Entre as irregularidades que os entrevistados (fora da política,
claro) admitem cometer uma vez ou outra estão: suborno
para se livrar de multa de trânsito; sonegação
de impostos; falsificação de documentos; compra
de produtos piratas; ligações clandestinas pra
usar a luz ou a TV a cabo do vizinho...
Em entrevista ao UOL News, Silvia Cervellini, diretora de
Planejamento e Atendimento do Ibope Opinião, responsável
pela pesquisa, disse que o que mais chamou atenção
foram os altos patamares de atos ilícitos cometidos
no dia a dia pelos brasileiros. "Vimos que 7 em cada
10 cometem alguns desses atos, e quando projetam para pessoas
conhecidas, isso passa a ser quase consensual: 98% acham que
seus conhecidos cometem alguns desses atos - praticamente
todo mundo."
Questionada sobre a sinceridade dos entrevistados, Silvia
Cervellini explicou: "Existe um fenômeno de pesquisa
de opinião que é do entrevistado ser mais verdadeiro
ao falar sobre os outros do que sobre si mesmo. A gente considera,
do ponto de vista de indicador de prática de ilegalidade,
essa medida de pessoas conhecidas como mais verdadeira, mais
próxima do retrato do eleitorado. Então pode
se dizer que praticamente todo mundo comete algumas dessas
pequenas ou grandes ilegalidades no seu cotidiano."

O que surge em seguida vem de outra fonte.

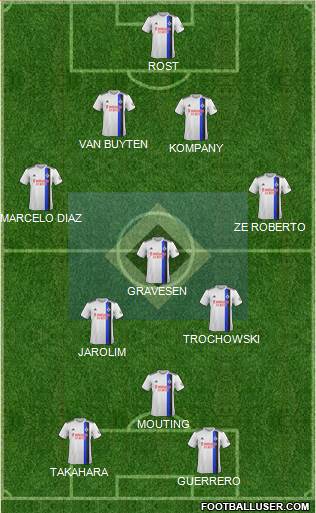 Hamburger SV 4-4-2 football formation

Ela disse que o Ibope ainda não tem uma comparação
com outros países do mundo, mas disse que as reações
de alguns colegas da Espanha e da América Latina demonstram
que há sim uma disseminação dessa cultura
de transgressão na sociedade.
"É um problema de educação?",
perguntou a jornalista Lillian Witte Fibe. "Aí
cabe uma reflexão, uma coisa mais abrangente sobre
esse processo, porque acho que vem da nossa história,
da cultura, das instituições, da nossa legislação.
Acho que a explicação é multidisciplinar."
Banho de água fria
Chegar a essa conclusão é, sem dúvida,
um banho de água fria nos bem-intencionados e honestos.
Como é possível cobrar ética dos governantes?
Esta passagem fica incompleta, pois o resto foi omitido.